Visual corpus linguistics with Many Eyes

I recently came across Many Eyes, a nifty data visualisation tool by IBM’s Visual Communication Lab. It has lots of options to handle tabular data, but —more interesting to linguists— it can also handle free text. The two visualization options it currently offers for text are a tag cloud and a so-called ‘word tree’. The former visualizes simple token frequency, the latter displays the occurences of a given word (or phrase) in a branching view. It is the latter that I find the most exciting feature, because it allows for rapid visual exploration of linguistic patterns in a text.

Take for instance the Siwu locative marker i. Before today I vaguely knew where it usually occurs (before an NP and after a VP, more or less). Now I know (1) that it also occurs sentence initially, as in I Ɔtuka ame, … {LOC Lolobi inside} ‘In Lolobi country, …’; (2) that it often precedes a deictic, as in …i mmɔ {LOC there} ‘over there’; and (3) that one can have nested occurrences, as in ma-sɛ ma-a-su kaku i ngbe-gɔ i ɔturi ɔ-kpi mmɔ {they-HAB they-FUT-take funeral LOC here-REL LOC person he-died there} ‘they usually will hold the funeral there were (‘in the place in which’) the person died’. The next step is to look more carefully into these particular constructions and improve my grammatical analysis. I might conclude, for example, that the distal deictic mmɔ is more nouny than I had taken it to be.

Of course, I would have discovered these facts eventually after carefully analyzing enough Siwu texts — but the point is that right now, finding and comparing these patterns took only five minutes of playing around with the word tree above. Cool, isn’t it? Let’s call it visual corpus linguistics.

Some of the best options, by the way, are not available in the embedded view above. Take a look at the full version to order alphabetically or by frequence, or try the start/end radio buttons which enable you to view preceding and following words. And if you don’t happen to read Siwu, why don’t you check out Shakespeare’s All’s Well That Ends Well?

Collaborative data mining

Wait, let me retract that. It doesn’t even matter that you don’t know any Siwu — the power of frequency-based visualization is that you should be able to spot salient grammatical patterns anyway.1 It would be interesting to test this. Can you, based on this dataset of 21,891 Siwu words and punctuation marks,2 work out what kind of functions the word ne might have?

Perhaps I’m making it too difficult by not providing the meaning of the Siwu text, but I do think that this type of collaborative pattern hunting is an interesting addition to the toolkit for linguistic analysis. In the future, we will use visualizations like this to get a feeling for the relative frequencies of different constructions in which an item occurs, and to quickly test each other’s hypotheses. The philosophy behind Many Eyes is interesting in this respect. As the About page says: Many Eyes is a bet on the power of human visual intelligence to find patterns. Our goal is to “democratize” visualization and to enable a new social kind of data analysis.

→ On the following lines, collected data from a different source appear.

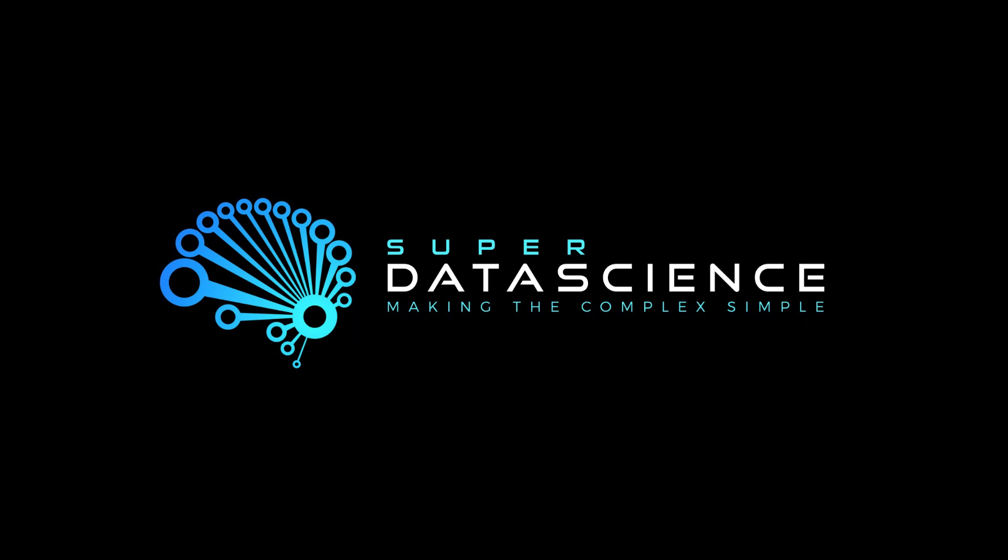Remember to subscribe to the Super Data Science channel to get valuable content delivered every week. Also, don't forget to like, share, and comment on the video below. Let's move on building the next part of our chatbot.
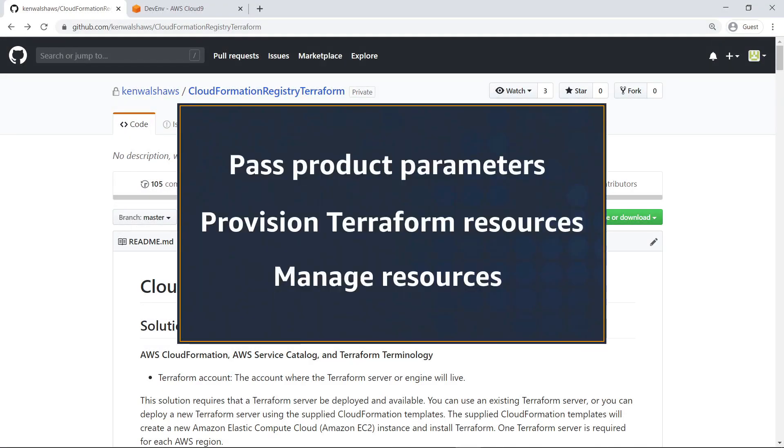In this video, you'll see how to provision resources on AWS using a CloudFormation resource-type provider for Terraform. With this solution, you can pass product parameters to Terraform, provision Terraform resources on AWS, and manage resources as a group using AWS Service Catalog.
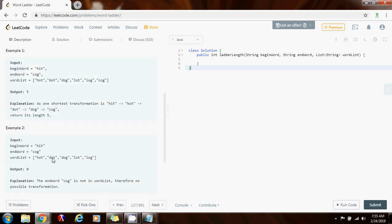In the second example, the begin word is 'hit' and the end word is 'cog', but the word list does not contain the end word. So the method returns zero, because the end word is not in the word list.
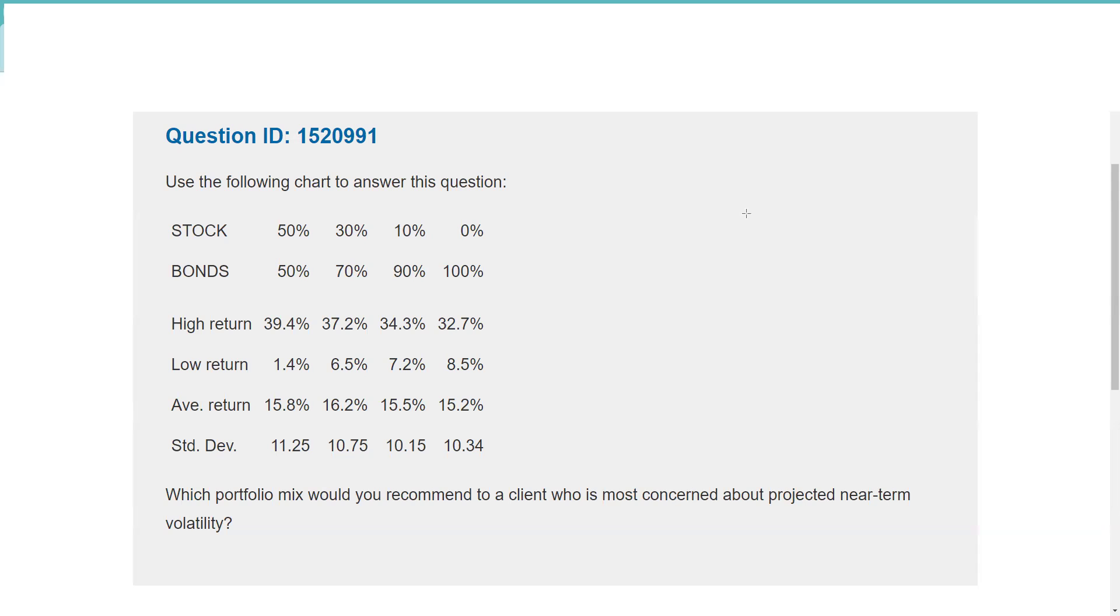Use the following chart to answer this question. Oh my goodness, these kind of exhibit questions when the screen fills up, sometimes I'm tempted to just guess B and assign it to the universe. But sometimes these questions aren't as difficult or as involved as they first appear. So here the question is, based on this exhibit, which portfolio mix would you recommend to a client who is most concerned about projected near-term volatility?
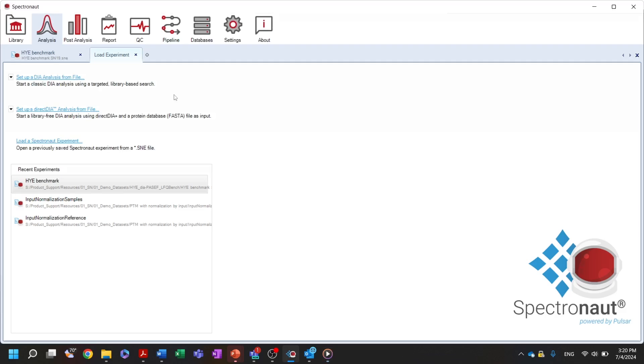The analysis perspective allows users to start a new analysis with a previously generated spectral library using the library-based DIA analysis, or without a library using the direct DIA workflow.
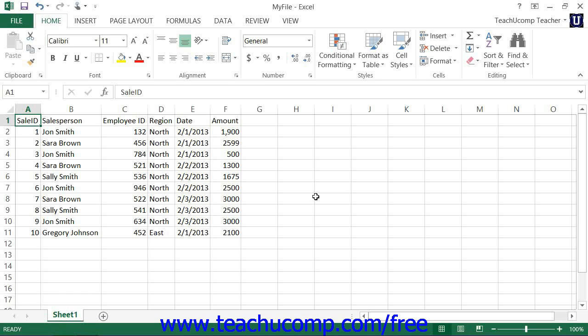Be careful when you insert columns and rows to ensure that the insertion doesn't create problems for the formulas that have already been created, if any exist, within your worksheets.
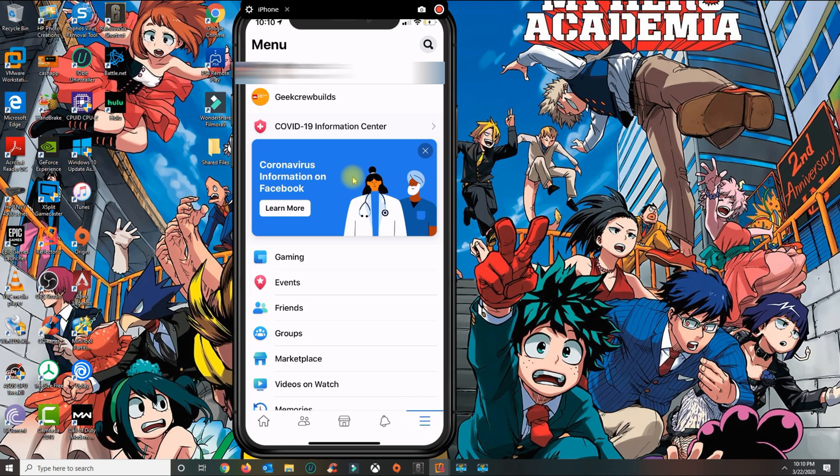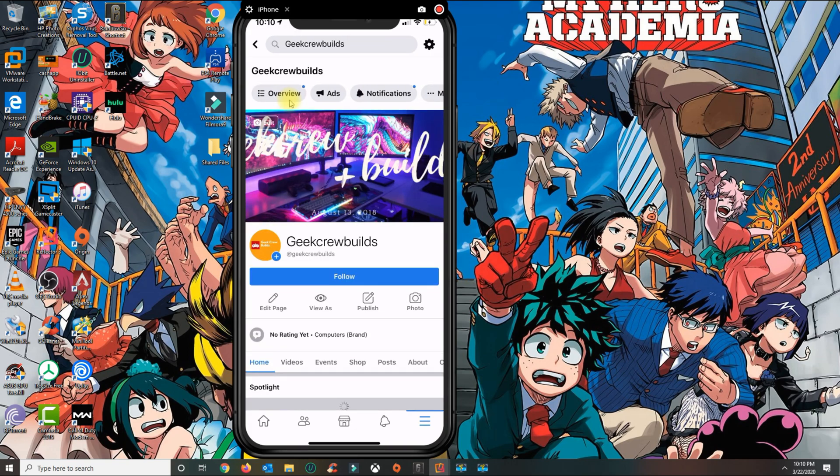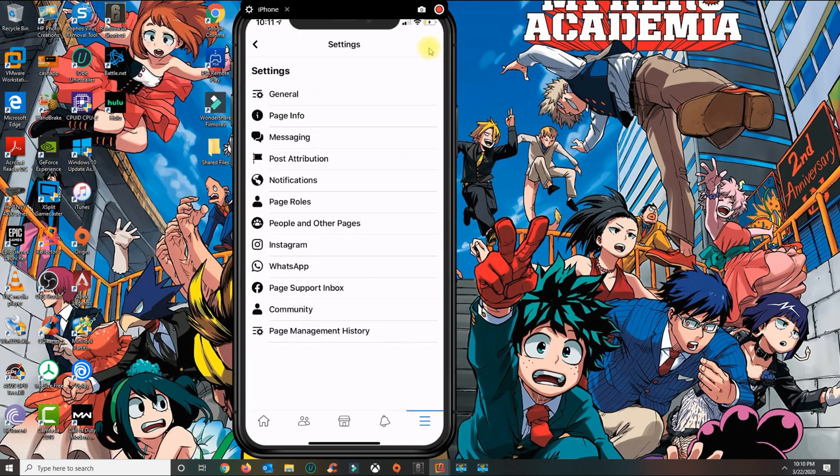Once you open the three bars, click on the page that you want to delete. From the page, go over to settings here on the top.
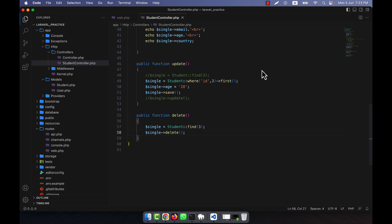I will show you both items, but first I'm going to show you what fillable is. The fillable property is an array defined on the model that specifies which attributes can be mass assigned. Only the attributes listed in the fillable array will be used for mass assignment — any other attributes not listed will simply be ignored. In this way, you can explicitly whitelist the attributes which can be set via mass assignment.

I am quite sure that there are specialized corpus linguistic applications out there that have far more sophisticated data-munching and searching capabilities. But the simplicity of Many Eyes may be its secret power. It is totally hasslefree: feed it a text and you can instantly play around with different types of visualizations. The intuitive interface makes it possible to quickly traverse the data in search of patterns, or do some quick testing of constructional hypotheses. In fact, you do not even need to upload your own dataset, because you can create visualizations based on any existing dataset (all the data is publicly available). And did I mention it is free?

Limitations

Despite all the goodness, Many Eyes is not perfect, although to be fair, it wasn’t exactly made for linguistic analysis to begin with. After some playing around, you will inevitably hit upon the limitations; for me, it was a bit disappointing for instance to see that the tag cloud chokes on Unicode characters outside the basic Latin range. The following few relatively simple improvements would hugely enhance the linguistic uses of Many Eyes:

  • tag cloud: proper handling of Unicode characters outside the basic Latin range.
  • visualization over multiple data sets. (Right now, a workaround is to make a new dataset combining other data sets. However, this is not straigtforward.)
  • word tree: positional wildcards to enable searching for patterns like Siwu “i * ame” (LOC X inside) or English “I * know” (capturing ‘I don’t know’, ‘I damn well know’, etc.) . This would involve a branching tree inside two focus words, very interesting visually. It should be possibly to limit the search to N intervening words, or to search for an arbitrary number of intervening words (respecting sentence boundaries, I guess).
  • word tree: show target word in full context (i.e. show the words left and right of it). Note that this is not trivial, as there is the problem of how to connect left and right parts of sentences on potential regroupings. The sort by occurrence option would no longer work in any case. Perhaps highlighting the relevant connector lines on mouseover would be a good solution.
  • word tree: some way to do partial word searches, e.g. “*kɛlɛ” to find all occurrences of the verb kɛlɛ ‘go’ regardless of subject agreement and tense/aspect prefixes. This would involve non-trivial ordering and visualization problems (how to visualize the difference between a preceding word and a preceding part of a word? Perhaps this would add too much clutter).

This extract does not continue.